Y dependiendo de mí, la parábola, que es un canto a la libertad del hombre, podrá tener distintos finales: si soy camino, la indiferencia ante la Palabra me hará malgastarla o perderla; si soy roca dura, soy un entusiasta de la Palabra pero inconstante y abandonaré al primer peligro; si soy zarza, la prisa y el estrés, el gasto superfluo y la apariencia social ahogará la frescura de la Palabra; si soy tierra buena, corazón abierto y mente pronta al sí a Dios, la Palabra como la lluvia suave empapará mi corazón, lo fecundará y germinará en fruto abundante, provocado un estallido de primavera, fecundidad de la fe.

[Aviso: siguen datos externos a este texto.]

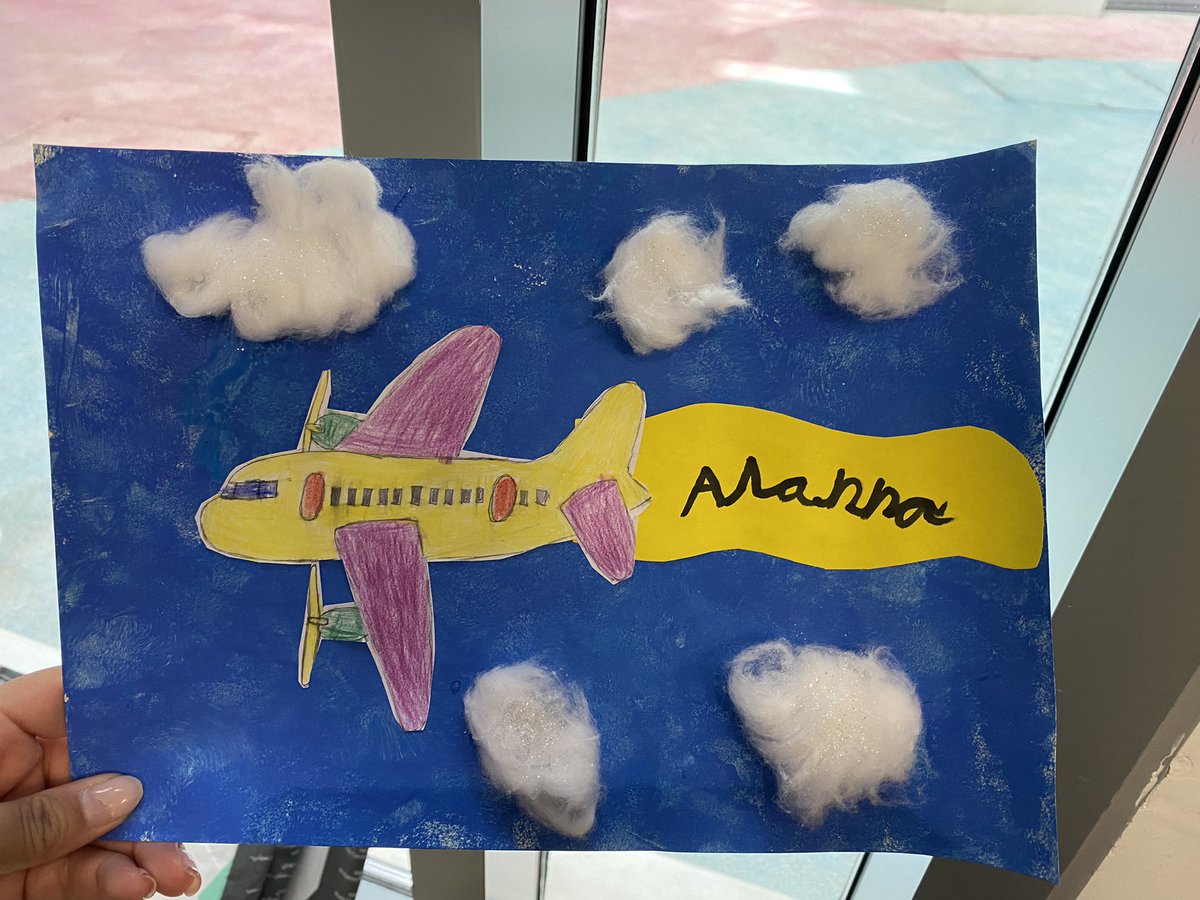 MissUnis's tweet photo. As part of our flight project, we created our own planes in the sky. We sponge painted the background and use a step by step tutorial on YouTube to help us draw the plane. We then used cotton balls to create a cloud effect. Don’t they look great 🤩🤩🤩 #flightproject #teachinuae https://t.co/PK0uOrpSwi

Qué hermosa es la descripción que hace el profeta y poeta Isaías sobre la fecundidad de la Palabra: como bajan la lluvia y la nieve desde el cielo, y no vuelven allá sino después de empapar la tierra, de fecundarla y hacerla germinar, para que dé semilla al sembrador y pan al que come, así será mi Palabra que sale de mi boca: no volverá a mí vacía, sino que cumplirá mi deseo y llevará a cabo mi encargo.
La parábola del sembrador es tan hermosa y rica de contenidos que podemos contemplarla fijándonos en la grandeza del sembrador, en la peculiaridad de su figura, en la riqueza de su vida y su historia: el sembrador es el mejor de los hombres, el Hijo de Dios. Aquel que se brinda a los ojos de nuestro corazón para que le abramos y acojamos como compañero de camino: un sembrador de esperanzas. Podemos, también, centrar nuestra atención en la semilla, en la riqueza de la Palabra, en la profundidad del Mensaje: el Evangelio predicado por Jesús, alimenta nuestra vida para sostenernos en el camino y llevarnos hasta la meta deseada, el encuentro definitivo con el Señor.
Pero, a veces la contemplación tan sólo del sembrador o de la semilla: del Maestro y de su mensaje, puede provocar que no completemos en su totalidad la parábola: que no miremos la tierra en la que cae el grano, que no nos miremos a nosotros mismos y nos sintamos implicados. Porque al escuchar esta parábola, la pregunta se vuelve hacia mí; de mí respuesta depende el final de la parábola. De mí libertad, de mi amor y fidelidad, depende que el Reino de Dios fecunde mi corazón y pueda dar un fruto que gemina en ciento por uno.
No es grandioso que yo, una simple criatura, tenga la llave de que la semilla y el sembrador tengan éxito. Es la grandeza de mi libertad. Como cristianos estamos llamados a ser testigos del éxito de esta semilla en nuestra propia vida y constituirnos también en mensajeros convencidos y comprometidos del evangelio, sembradores de la Buena Noticia.